Something I was really happy about accomplishing in 2017 was getting more practically involved with modern AI. I’ve studied a lot of math, which has certainly been fun, but haven’t done any practical projects, and therefore have nothing to show for my efforts. To remedy this, in April, I applied for an AI Grant with the aim of building FastText skip-gram models for Kenyan speech. I became a finalist in the first round, but failed to win a grant.

Then, this September, I applied to the international fellowship track of a now-complete class on Practical Deep Learning for Coders, Part 1 v2, taught by Jeremy Howard of fast.ai. It will be publicly available as a MOOC in the first two weeks or so of January 2018. Over 7 weeks, I learned how to use a set of 8 techniques for building:

world-class image classifiers from pre-trained models,
sentiment analysis tools by building language models from the data sets under investigation,
how to do deep learning on structured data sets, and
how to use deep learning to build recommendation engines through collaborative filtering.

All this was done through the extremely productive interface known as the Jupyter Notebook, supported by the fastai deep learning library, which is itself supported by PyTorch.

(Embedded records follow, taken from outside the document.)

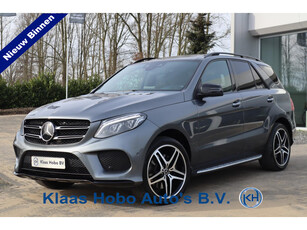 Mercedes-Benz GLE-klasse 350 d 4MATIC AMG Pano, Trekhaak, Distronic, Airmatic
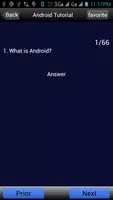 Tutorial for Android скриншот 4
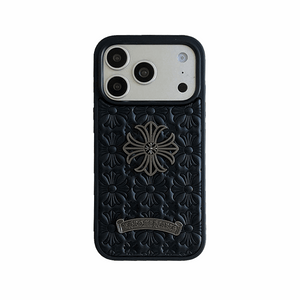 Leather CHS Phone Case For iPhone style01 | PE2600104
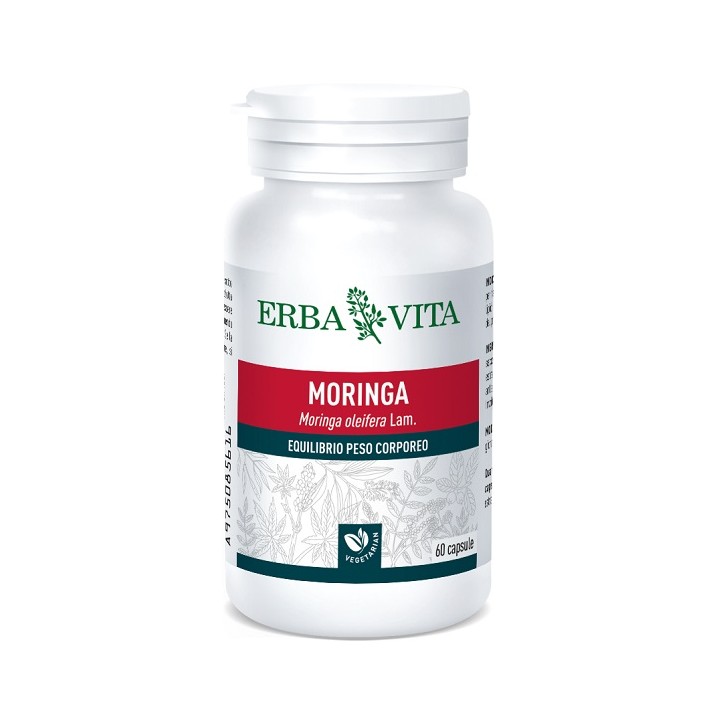 MORINGA 60CPS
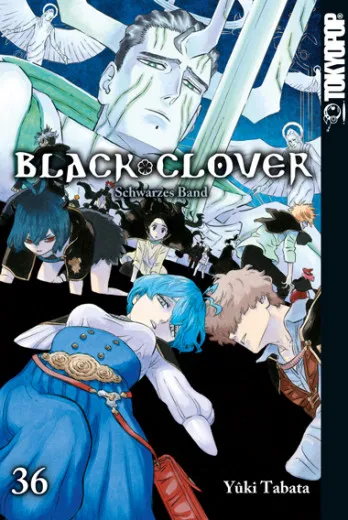 Black Clover 036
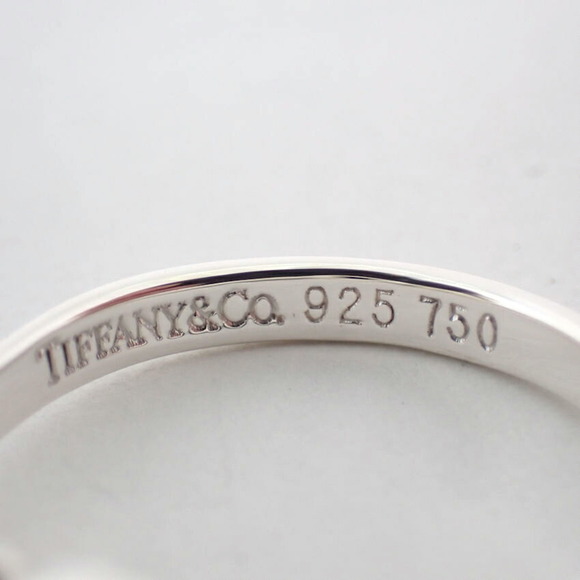 TIFFANY Gold Love Ring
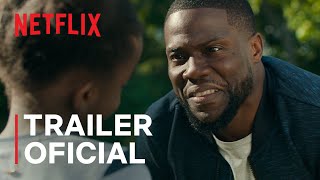 Paternidade com Kevin Hart  Trailer oficial  Netflix [upl. by Xanthus532]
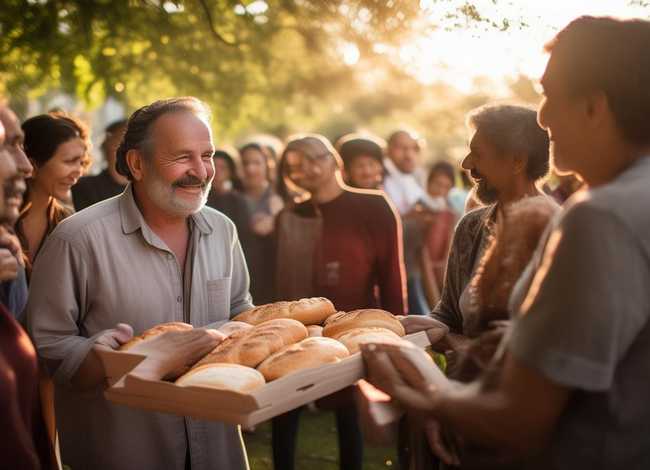一个普通人的慈善故事、慈善人物的故事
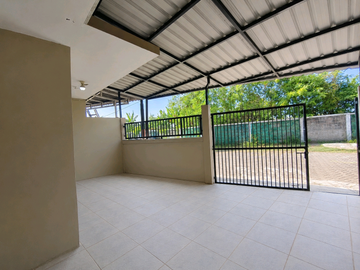 RUMAH Sederhana siap huni MEDOKAN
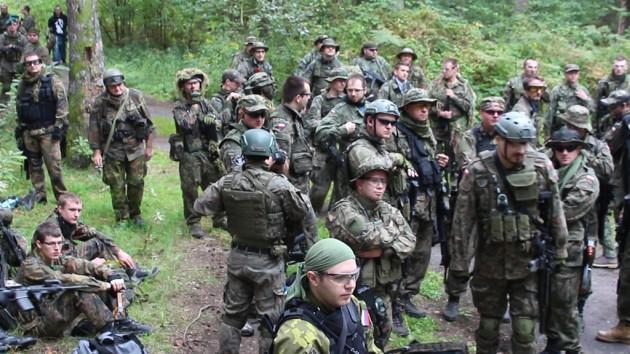 ASG – gry militarne dla dorosłych 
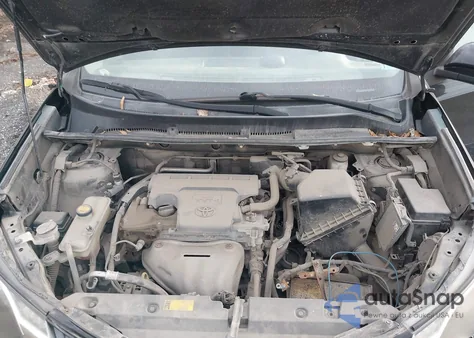 2013 Toyota Rav4 Limited z USA, uszkodzony, nr VIN 2T3DFREV2DW115256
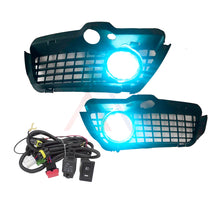 Load image into Gallery viewer, Kit Faros de niebla Golf/Jetta 93-99 c/arnes y switch Universal LED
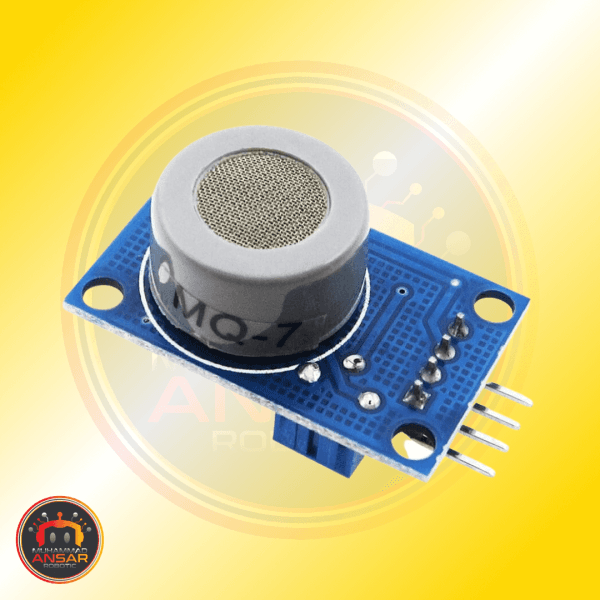 MQ-7 CO Carbon Monoxide Coal Gas Sensor Module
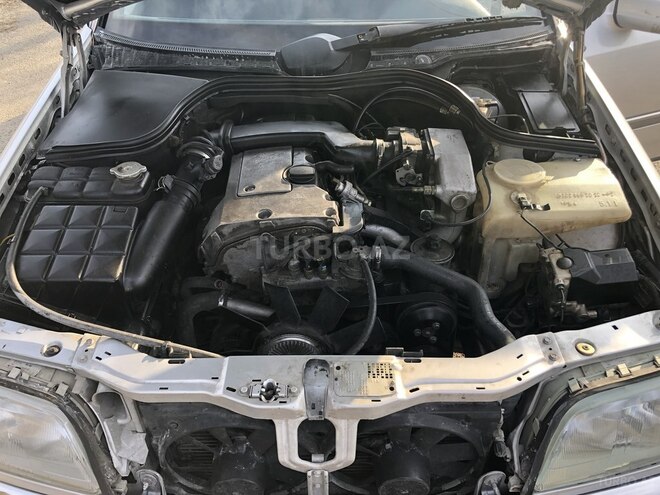 Mercedes C 220 1995, 480,000 km - 2.2 л - Gəncə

So here are the 8 techniques. In each case, I’ll outline the general idea with short snippets of fastai code, and indicate (in parentheses) whether each technique is generally applicable (useful whether you’re doing DL for image recognition and classification, NLP, modeling structured data or collaborative filtering), or more specific to the kind of data you’re trying to apply deep learning to. During the class, the image recognition lessons were done using the Kaggle challenges Dogs vs. Cats: Kernels Edition, Dog Breed Identification, and Planet: Understanding the Amazon from Space.

Because this is the Internet, I made my own challenge, which was to clone Dogs vs. Cats, but with spiders and scorpions instead. Spiders vs. Scorpions. I grabbed the data from Google Images, by searching ‘spider’ and ‘desert scorpion’ and downloading about 1500 images or so. I automated this, obviously. I didn’t want to automatically become an expert on esoteric spiders and right-clicking. I cleaned up the data by removing any non-jpg images, any non-image cruft, and images that had no extension. By the time I was done filtering out the junk, I had about 815 images to work with. Each class [spiders, scorpions] had 290 in the training set, with 118 spiders and 117 scorpions in the test/validation set. Surprisingly (for me, when I learned this), it works! My model reached about 95% accuracy.

Transfer learning by fine-tuning VGG-16 and ResNext50. (computer vision and image classification)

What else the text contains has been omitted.